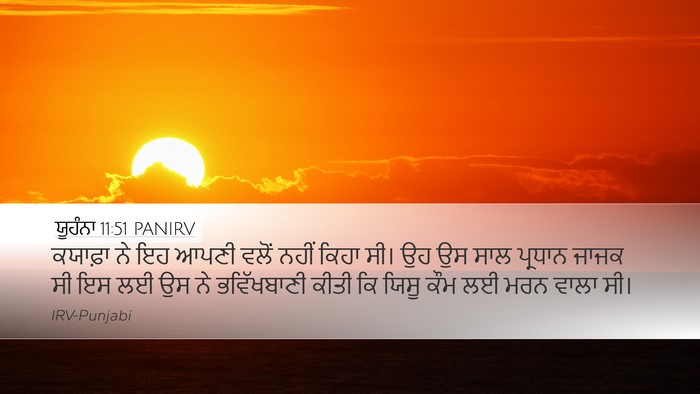 ਯੂਹੰਨਾ 11:51 PANIRV Bible Verse Image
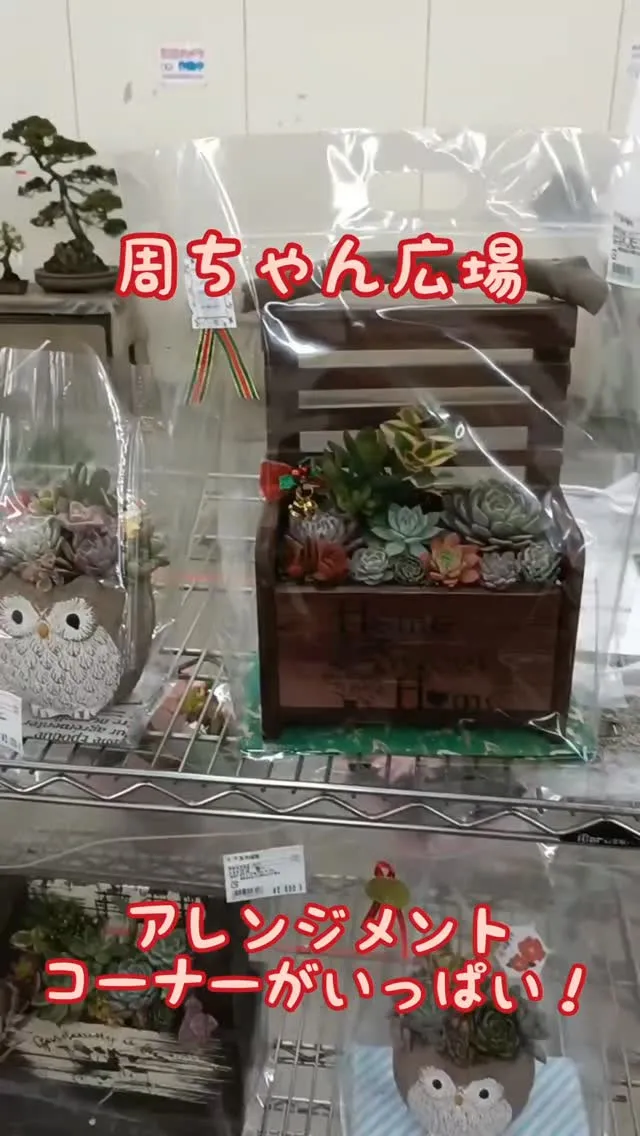 周ちゃん広場の苗と寄せ植えを入れ替えてます😊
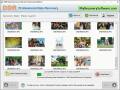 DDR Recovery software rescue all lost picture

•••••

● **TASK PROMPT**: With pictures excluded, restate word for word the lines from the one that contains "周ちゃん広場の苗と寄せ植えを入れ替えてます😊" through the end of the material, inclusive, and nothing more.

● **ANSWER TO THIS PROBLEM**:
 周ちゃん広場の苗と寄せ植えを入れ替えてます😊
 DDR Recovery software rescue all lost picture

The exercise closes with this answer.